Question

Two solid cylinders P and Q of same mass and same radius start rolling down a fixed inclined plane from the same height at the same time. Cylinder P has most of its mass concentrated near its surface, while Q has most of its mass concentrated near the axis. Which statement(s) is (are) correct?

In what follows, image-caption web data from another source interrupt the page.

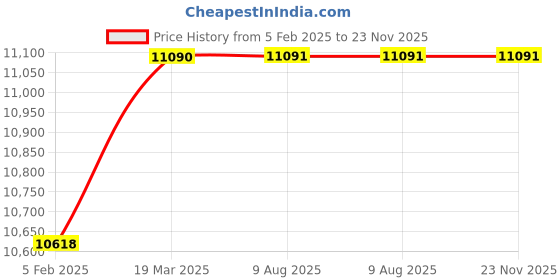 industrybuying.com Mercury Make Polyurethane Tube, Size: 12 mm OD x 9 mm ID (Bundle of 100 Meters) mercury Price History Graph from 5 Feb 2025 to 23 Nov 2025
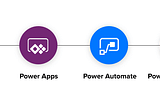 WHAT IS POWER PLATFORM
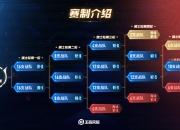 乐动体育平台-今日王者荣耀国际版战报：星辰联盟从落后到翻盘，统治赛场毫无争议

A. Both cylinders P and Q reach ground at the same time.
B. Cylinder P has larger linear acceleration than cylinder Q.
C. Both cylinders reach ground with the same translational kinetic energy.
D. Cylinder Q reaches the ground with larger angular speed.

Answer 1

Hint: First, we need to know which cylinder has greater moment of inertia based on the given mass distribution. Then using expressions relating the moment of inertia with the linear acceleration of the centre of mass of a cylinder rolling down an inclined plane, we can compare the linear accelerations of two cylinders. From this, we can further compare velocities of cylinders.
Formula used:
The formula for moment of inertia is
$I = m{r^2}$
For a cylinder which is rolling down an inclined plane, the acceleration of its centre of mass is given as
${a_c} = \dfrac{{g\sin \theta }}{I}\left( {1 + M{R^2}} \right)$
Kinetic energy is given as
$K = \dfrac{1}{2}m{v^2}$
The relation between linear velocity and the angular velocity is given as
$v = r\omega $

Complete answer:
We are given that two solid cylinders P and Q of same mass and same radius. Cylinder P has most of its mass concentrated near its surface, while Q has most of its mass concentrated near the axis. This means that the distribution of mass is different for two cylinders due to which we need to take the moment of inertia of the cylinders into consideration. As we know that moment of inertia is given as
$I = m{r^2}$
Here m is the mass of the object while r represents the distance of this mass from the axis of rotation. Since the axis of rotation of a cylinder is a line passing through the centre, this means that moment of inertia of cylinder P is greater than that of cylinder Q since r is large in case of cylinder P.
${I_P} > {I_Q}$
Now we know the expression for the linear acceleration of the centre of mass of a cylinder which is rolling down an inclined plane. For the two cylinders we can write the expressions in the following way.
$
  {a_{cP}} = \dfrac{{g\sin \theta }}{{{I_P}}}\left( {1 + M{R^2}} \right) \\
  {a_{cQ}} = \dfrac{{g\sin \theta }}{{{I_Q}}}\left( {1 + M{R^2}} \right) \\
 $
Therefore, linear acceleration is inversely proportional to the moment of inertia, so ${a_{cP}} < {a_{cQ}}$.
Now if acceleration of P is less than that of Q, then velocity of P will also be less than Q.
${v_P} < {v_Q}$
Different velocities mean that the cylinder Q will reach the round first.
Since translational kinetic energy is given as
$
  {K_P} = \dfrac{1}{2}mv_P^2 \\
  {K_Q} = \dfrac{1}{2}mv_Q^2 \\
 $
Therefore, ${K_P} < {K_Q}$
Similarly, we know the relation between the linear velocity and the angular velocity which is given as
$
  {v_P} = r{\omega _P} \\
  {v_Q} = r{\omega _Q} \\
 $
Therefore, ${\omega _P} < {\omega _Q}$

So,the correct answer is Option D.

Note:
Since the cylinders are rolling down the inclined plane, there is no friction between the surface and the cylinders. The total kinetic energy which is the sum of the translational and the rotational kinetic energy will remain the same.